:: DATA UNDER STUDY ::

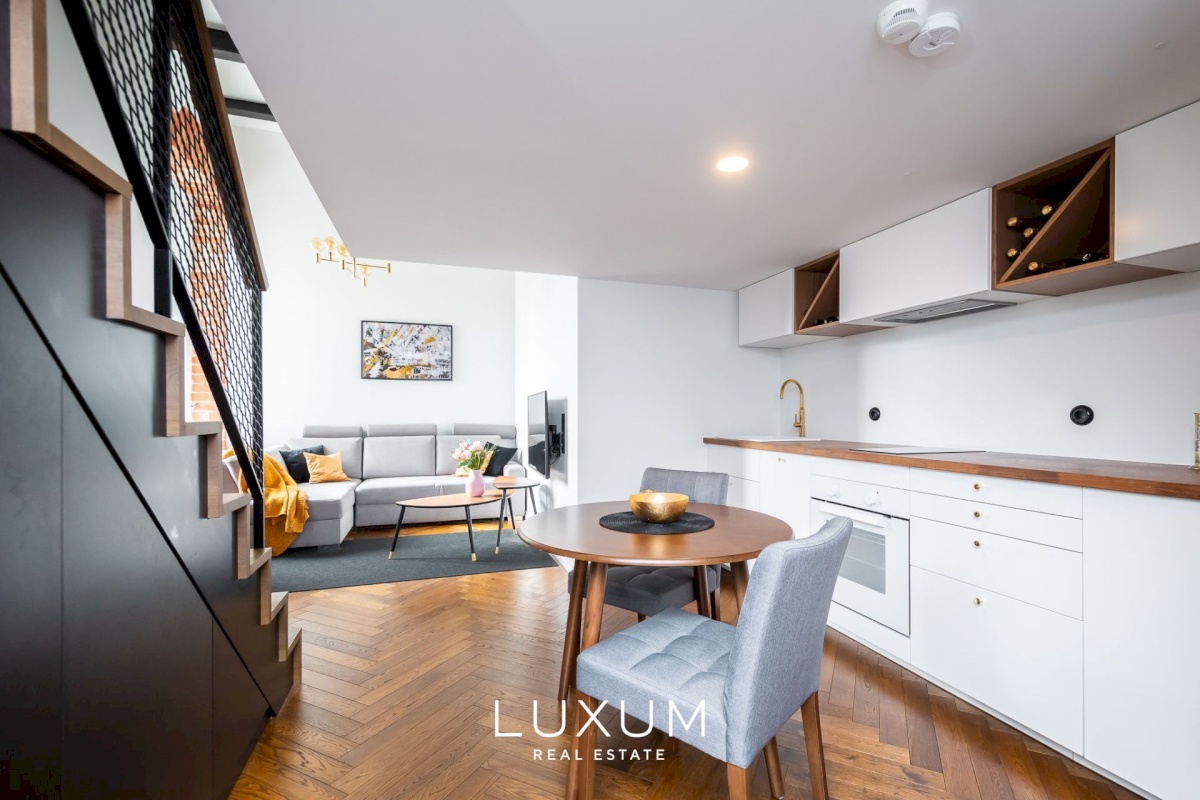 Tallinn, Kesklinna linnaosa, Raua, Narva mnt 40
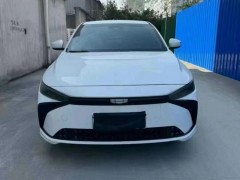 水淹車損險賠償全解析：哪些情況能獲賠，哪些可能免賠？ 水淹車損險是全賠嗎？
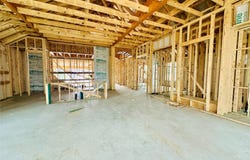 581 Sage Thrasher CIR, Dripping Springs, TX 78620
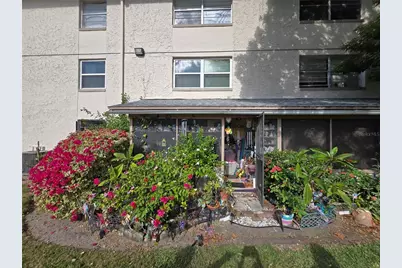 1902 Honour Road #8, Orlando, FL 32839 - Photo 30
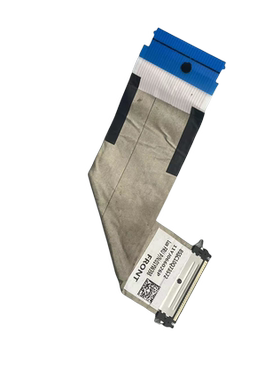 适用于Lenovo IdeaCentre 5-24IMB05 5-24ALC6  Lcd 01YW398排线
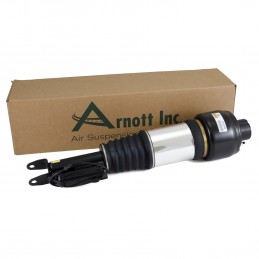 Arnott   Remanufactured Front Right Mercedes-Benz CLS-Class (W219), E-Class (W211) Air Suspension Strut 2002-2009 - supplied by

:::

PROBLEM:
Your answer must be the lines from the one containing "1902 Honour Road" through the final line of the entries, duplicated exactly, with both ends kept and all pictures left out.

SOLUTION FOR THIS PROBLEM:
 1902 Honour Road #8, Orlando, FL 32839 - Photo 30
 适用于Lenovo IdeaCentre 5-24IMB05 5-24ALC6  Lcd 01YW398排线
 Arnott   Remanufactured Front Right Mercedes-Benz CLS-Class (W219), E-Class (W211) Air Suspension Strut 2002-2009 - supplied by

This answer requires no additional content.